Start by selecting the filesystem. CiderPress currently supports creation of images in DOS 3.2, DOS 3.3, ProDOS, and UCSD Pascal formats. You can also choose to create a completely blank file with the specified size, though this is only useful in a few circumstances.
The choice of filesystem determines which size options are available to you. DOS 3.2/3.3 formatting is only allowed on 140K floppies, Pascal can be written to 140K or 800K floppies, and ProDOS can be written to images from 16 blocks up to 32MB. Blank images can be as small as 1 block or as large as 8GB. Your filesystem selection also enables some filesystem-specific options:
DOS 3.2/3.3: choose the disk volume number (default 254) and whether or not a DOS image should be written. If "Allocate DOS tracks" is checked, tracks 1 and 2 are marked "in use", and a bootable DOS image is written to the disk. If it's not checked, tracks 1 and 2 are marked as free space, and the disk will not be bootable.

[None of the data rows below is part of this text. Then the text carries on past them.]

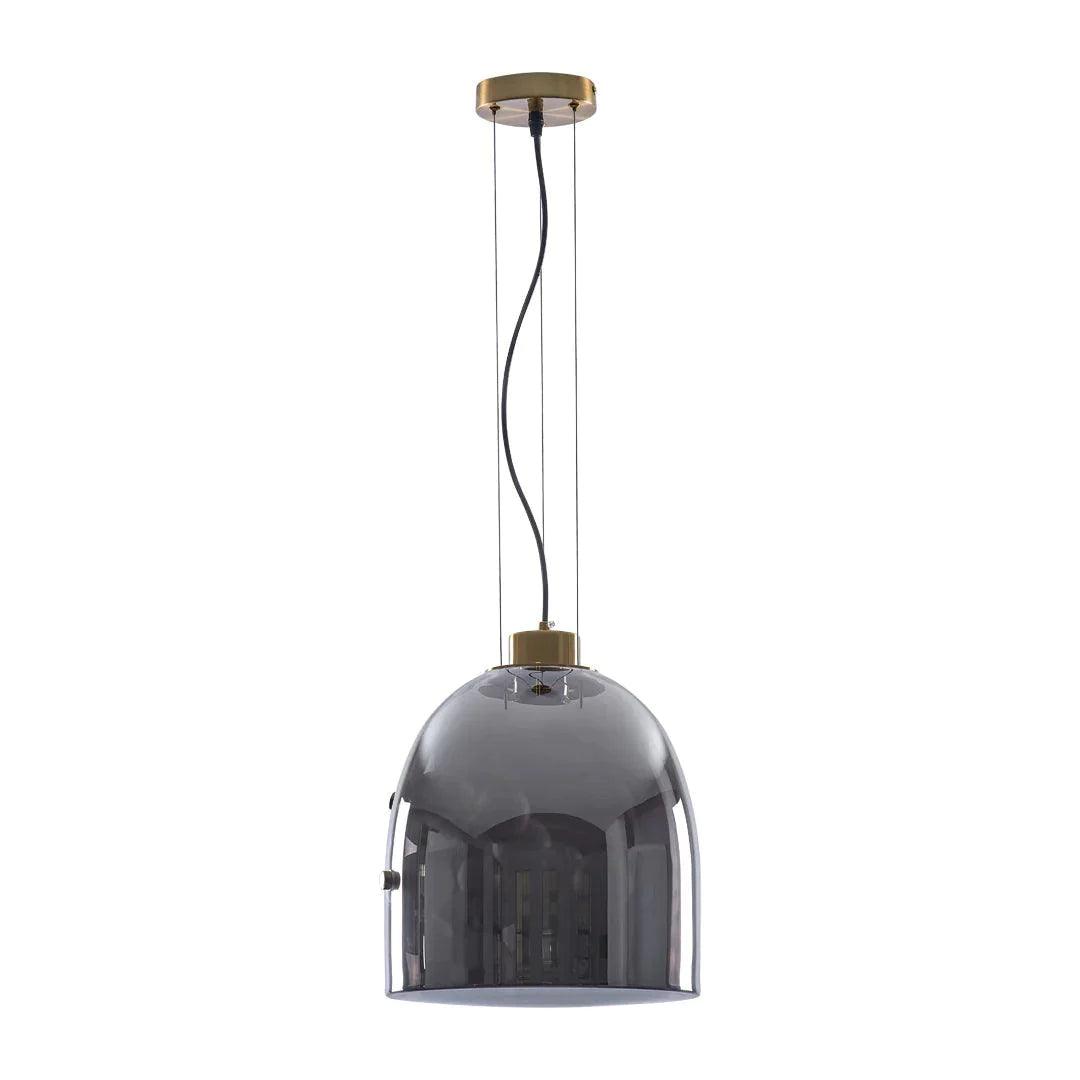 SOAP DOME Pendant by The Light Library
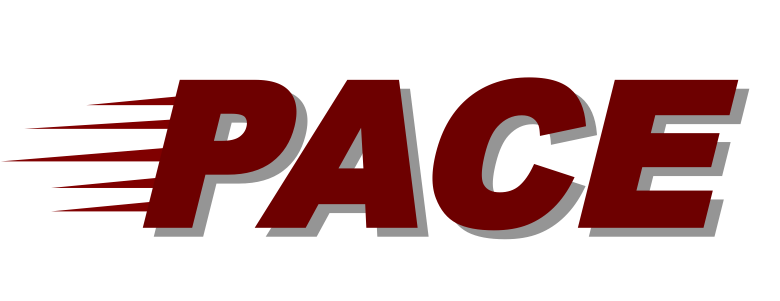 Logo of PACE Lab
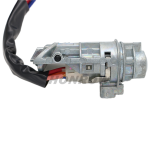 For Peugeot IGNITION SWITCH 4162Z6 N0500109 IGNITION SWITCH PEUGEOT 406 PEUGEOT 607 99-04 CITROEN C5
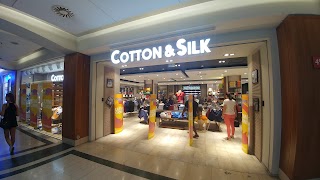 Cotton & Silk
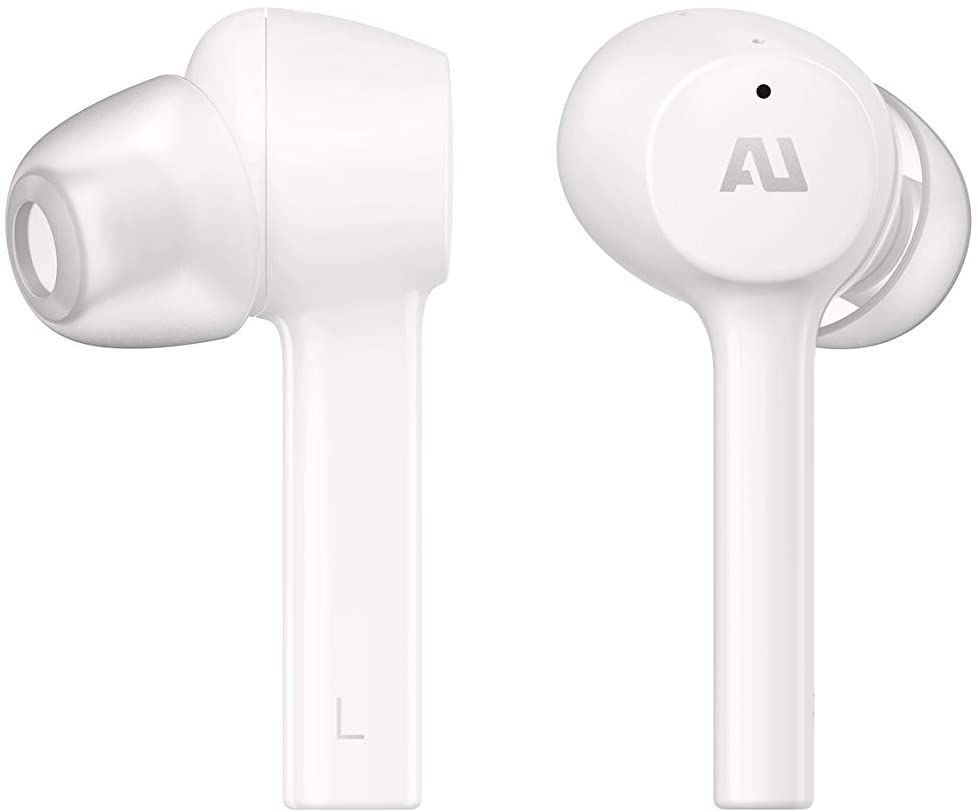 Kopfhörer: AU-Stream white – Neu und originalverpackt aus Dietlikon von Salesmax 3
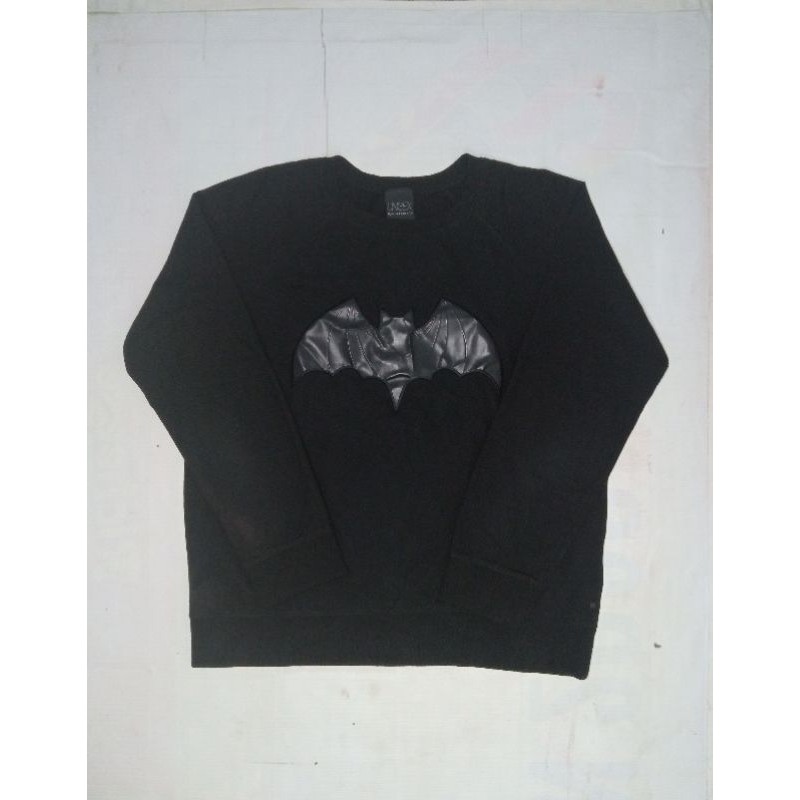 Crewneck UNI3EX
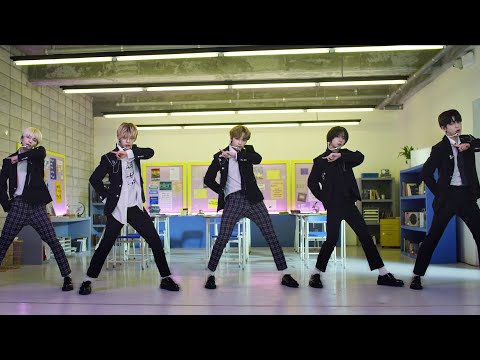 TXT (투모로우바이투게더) ‘날씨를 잃어버렸어 (We Lost The Summer)’ @ The Ellen DeGeneres Show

ProDOS: choose the volume name. ProDOS volume names must start with a letter, contain only letters, numbers, and '.', and can be at most 15 characters long. To make the disk bootable, you will need to copy the "PRODOS" file from another ProDOS 8 disk.
Pascal: choose the volume name. Pascal volume names can only be 7 characters long, but may contain letters, numbers, and symbols other than "$=?,[#:". To make the disk bootable, you will need "SYSTEM.APPLE" and "SYSTEM.PASCAL" from a Pascal system disk.
After you hit "OK", you will be prompted for the name of the file to save to. For 140K floppy images you can select DOS order (".do", the default) or ProDOS order (".po"). For DOS 3.2, ".d13" must be used. For other images only ProDOS ordering is available. If you want the image to be in a different format, such as .SDK or .2MG, use the Disk Image Converter tool.
If you want to create a blank filesystem image on physical media (e.g. format a 1.4MB floppy disk for ProDOS), create an image of the appropriate size, open the floppy disk with the Volume Copier, then copy the image onto the disk with the "load from file" button.
Tip: if you want to create several images of the same kind, create one and then use Windows Explorer commands to make multiple copies of the file.